Blog Tour: Go Crochet Afghan Design Workbook
If you’re someone who pieces together their crochet time from 15 minutes in the carpool line, 10 minutes at the grocery store, and a couple of hours at your kids’ sporting event, you’re probably a lover of motifs. I like making motifs for lots of reasons:
-easily memorizeable patterns (once you’ve made a few)
-portable, and you can even break them down round by round so you only need to carry 1 color of yarn at at time (i.e. make all of the motifs through round 1, 2, etc)
-great way to use scraps and play with color combinations
-good “in-between” project for when you don’t feel like thinking too much about what you want to make next.
If you like making motifs, you’ll definitely want to check out Ellen Gormley’s new book, Go Crochet!
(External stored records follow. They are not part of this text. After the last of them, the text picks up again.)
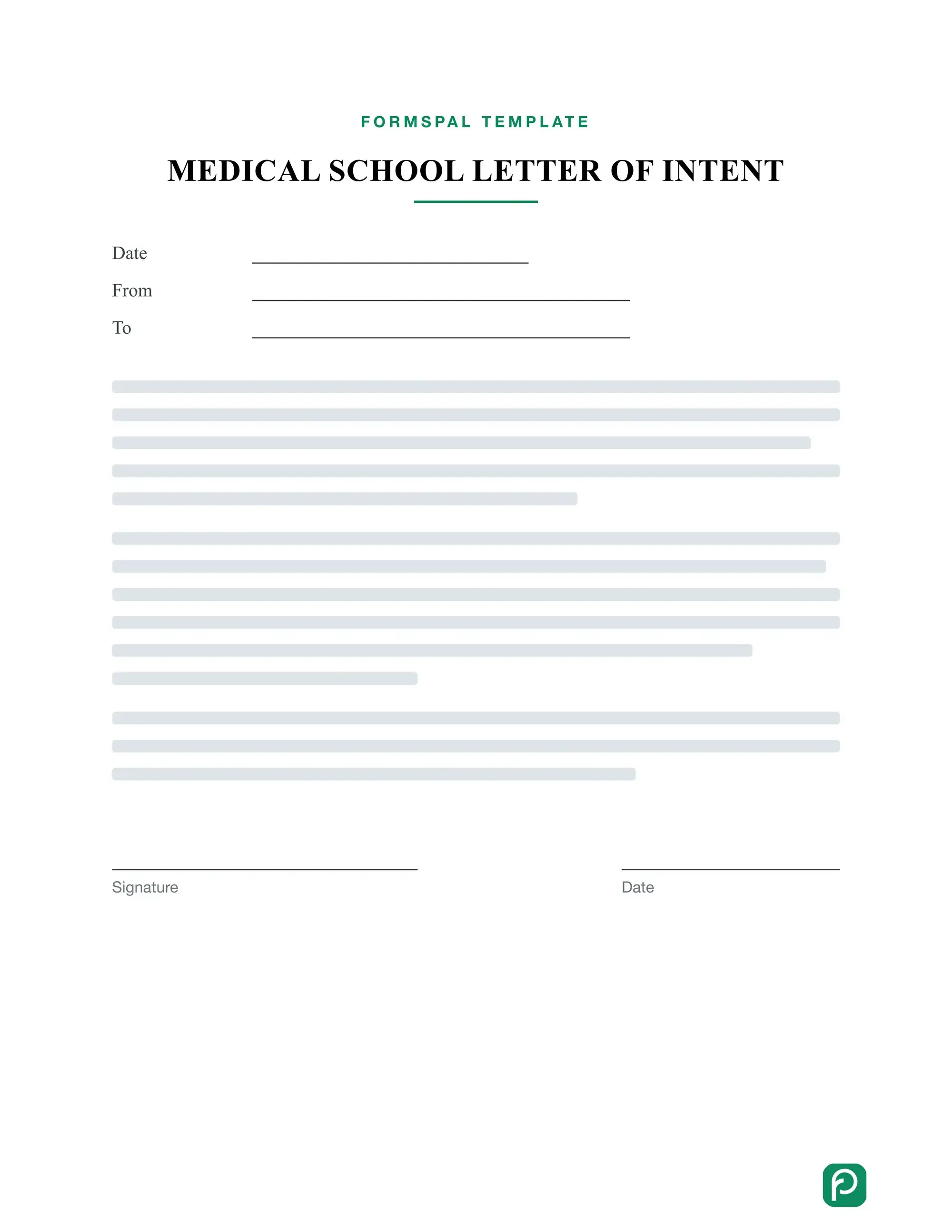 Medical School Letter of Intent template illustration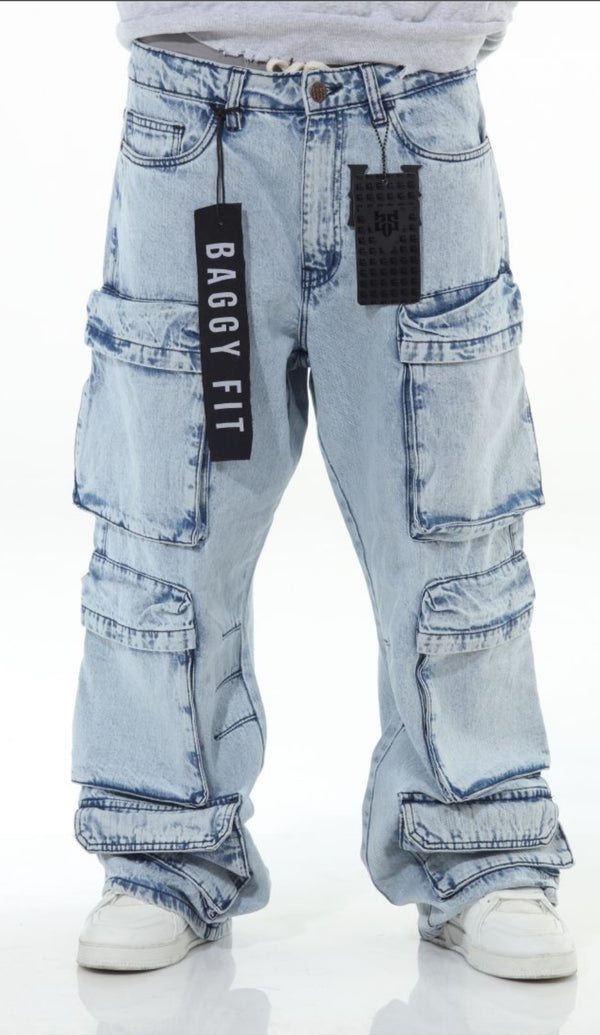 ICE Stone Wash Pocket Baggy Fit Denim Jeans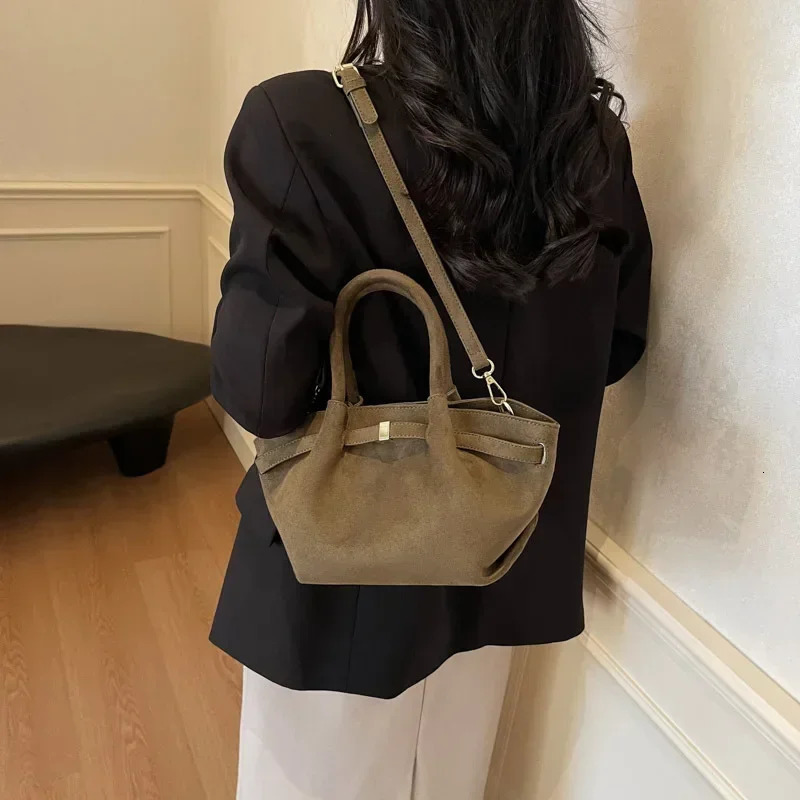 Fall Winter Womens Faux Suede Tote Shoulder Bags Large Capacity Belt n Handle Crossbody Bag Vintage Female Purse for Work 251018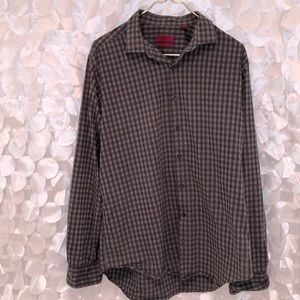 Alfani Checkered Pattern Button Down Sz. L
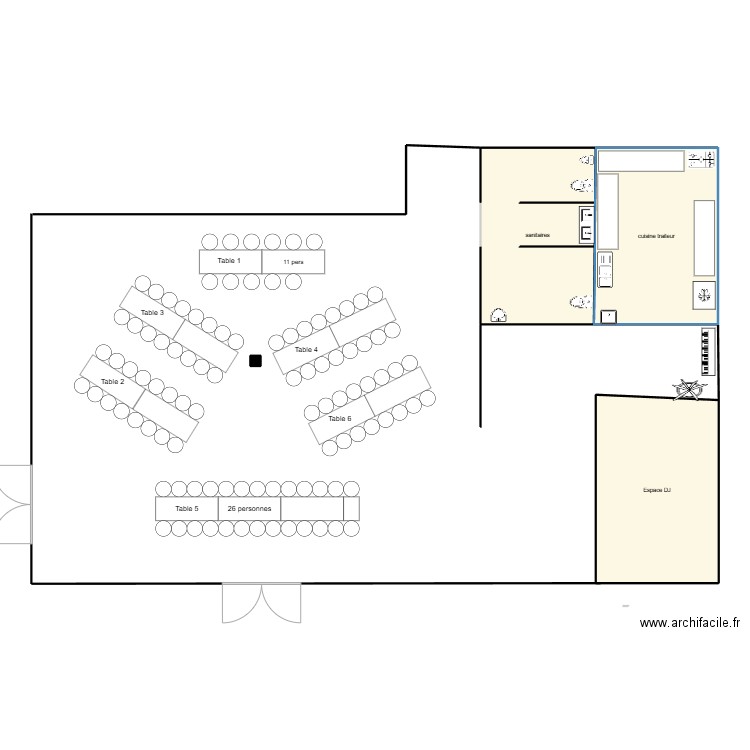 Plan de salle Quitterie et Guillaume. Plan de 3 pièces et 66 m2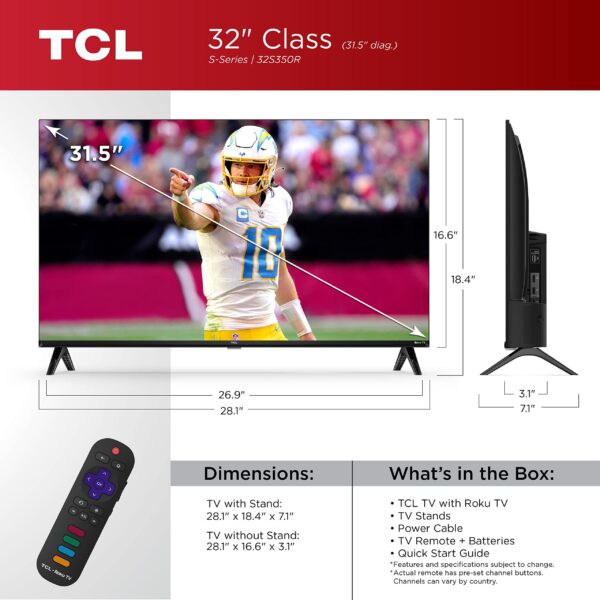TCL 32 inch Digital Frameless TV (32D3400) - Image 2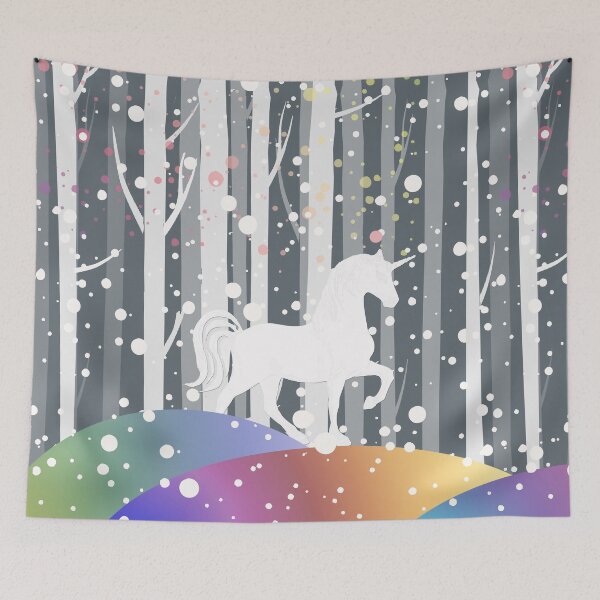 Item preview, North forest, snow and unicorn, perfect for mask, puzzle, kids puzzle, Duvets, Comforters, Shower Curtains, desk mat designed and sold by Collagedream.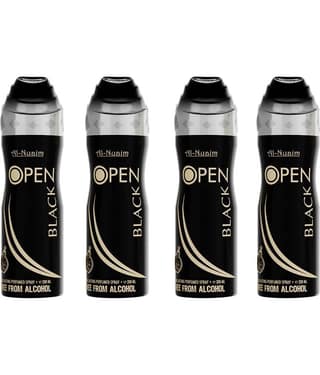 Al-Nuaim OPEN BLACK PACK OF 4 45R Deodorant Spray for Unisex 100 ml ( Pack of 4 )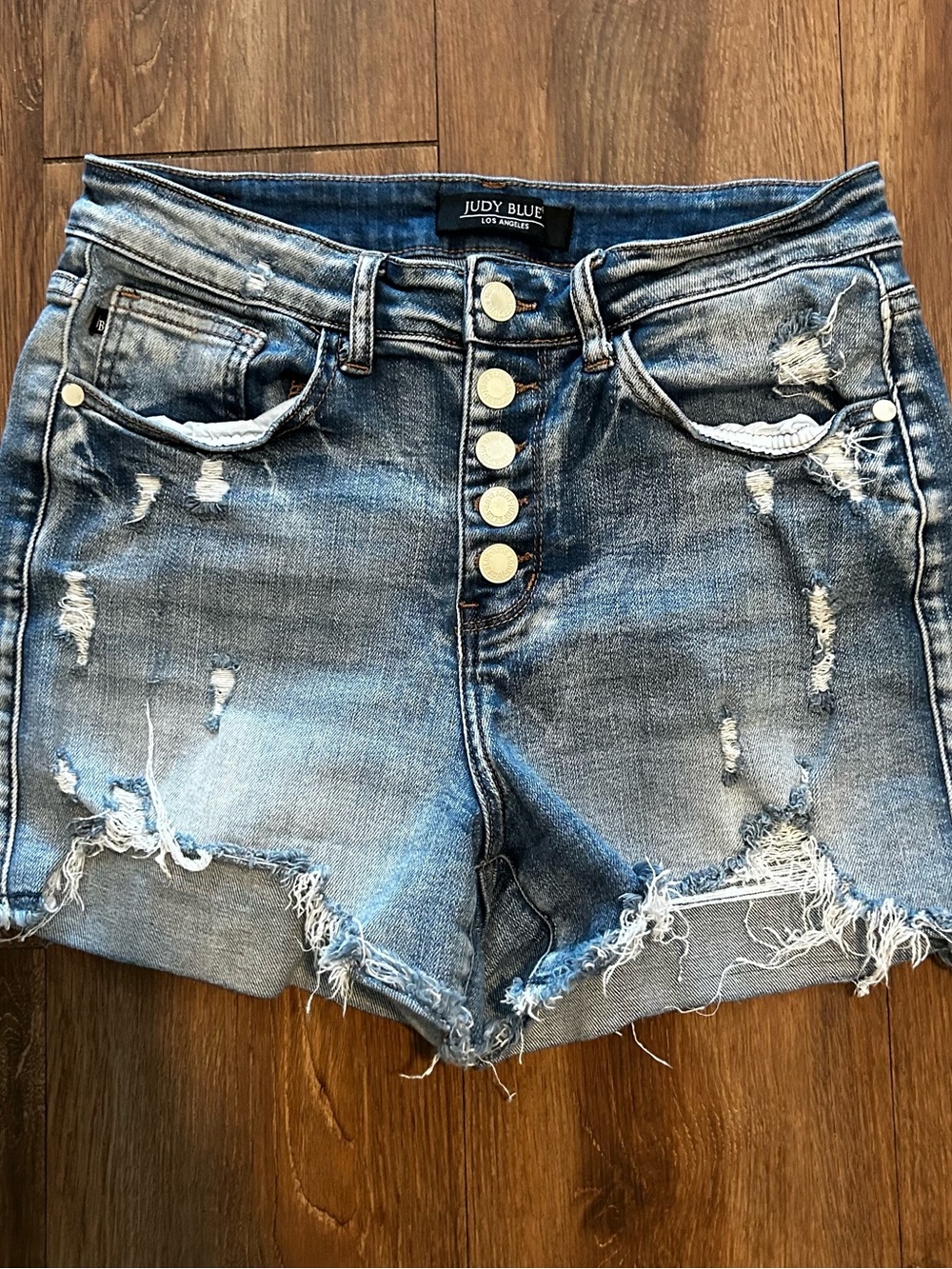 Judy Blue High Waisted Distressed Denim Shorts Light Wash Button Fly Size Medium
Afghan Design Workshop. Ellen asked me to participate in her blog tour, and Iwas excited to dive into this–her first book! In it, she presents 50 original motif designs (squares, circles, rectangles, hexagons, octagons and triangles) and shows you how to put them together to create unique blankets.
I was pleased to find a unique chapter on rectangles, as I can’t even remember when–if ever–I last saw a rectangular motif. All of the shapes have their own chapter, so if you are looking for a particular shape you can specialize. And, Ellen designed all of the motifs to have the same number of stitches along each edge, so that, for the most part, they are easy to mix and match. Each chapter also opens with a line drawing of possible layouts using just one shape, which is helpful if you plan to summon your inner designer. In the beginning section (which is full of useful refresher type info), Ellen suggests using your digital camera to help you design your afghan, and I want to add that you could also photocopy (or scan) the motifs you are considering, cut out the shapes and play around before you do a whole lot of stitching. I do this often when I am designing with motifs–usually I’ll make one in every color combination that I want to use and then digitally arrange them to get an idea of how it will all work out.
A clear photo of each motif is accompanied by easy to read stitch diagrams and written instructions. She also lists the yarn (and colors) used for every motif, staying practical with many of the featured yarns being available at craft chains. At the bottom of each page are photos of some of the suggested motifs to mix and match with the hilighted motif, which is a fun touch.
Next, Ellen presents 10 finished blankets. I love that she has included complete projects for several reasons–one, it will help you to estimate the amount of yarn you might need to make a blanket. This is always a question at the LYS and I generally pull the pattern for a similar kind of project to get an idea. I also think it’s important that she provided diagrammed edging patterns, as well as a general layout for each blanket design, as otherwise it’s up to you to figure out how you want to join one motif to the next. Since each motif has the same number of stitches, I think you could easily sub in the motifs you wanted for these blankets, assuming you have a wild hair to make yours different–I know I do! You’ll want to note that most of the motifs must be sewn or crocheted together, although there are a few “join as you go” motifs thrown in for good measure.